好調続く「全部入りプロジェクター」、人気の秘密は?

特集

2006/11/15 03:25

 大画面薄型テレビに押されている感のあるプロジェクター市場。しかし、昨年登場した新カテゴリー製品の人気は衰えない。プロジェクターに加えDVDプレーヤーとスピーカーを1つのきょう体に収めたオールインワンプロジェクターだ。ほぼ1年にわたって首位を走り続けている、その理由と魅力に「BCNランキング」で迫る。

 大画面薄型テレビに押されている感のあるプロジェクター市場。しかし、昨年登場した新カテゴリー製品の人気は衰えない。プロジェクターに加えDVDプレーヤーとスピーカーを1つのきょう体に収めたオールインワンプロジェクターだ。ほぼ1年にわたって首位を走り続けている、その理由と魅力に「BCNランキング」で迫る。

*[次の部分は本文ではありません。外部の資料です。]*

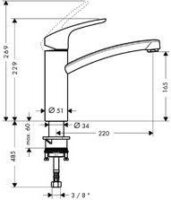 Hansgrohe Focus M41 Egykaros Mosogató csaptelep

 11月第2週(6-12日)、13.6%の販売台数シェアを獲得して1位になったのは、セイコーエプソン(エプソン)の「EMP-TWD3SP」。プロジェクターに加えてDVDプレーヤーとスピーカーを一体化したdreamio「EMP-TWD3」に80型ワイドスクリーンをセットにしたモデル。9月21日発売だが11月第1週(10月30日-11月5日)に続いて1位を獲得した。05年9月に発売した初代オールインワンタイプ「EMP-TWD1SP」にPC接続端子をつけた後継機だ。

 2位には同じくエプソンの「EMP-TW700」が7.8%でランクイン。ハイビジョン液晶を搭載した通常タイプのプロジェクターで、3LCD方式を採用。上位モデルの「EMP-TW1000」と同じレンズを搭載したのが特徴。映写角度上下に約1画面、左右に約1/2画面分ずらすことができるレンズシフト機能も搭載し、設置場所の自由度も高い。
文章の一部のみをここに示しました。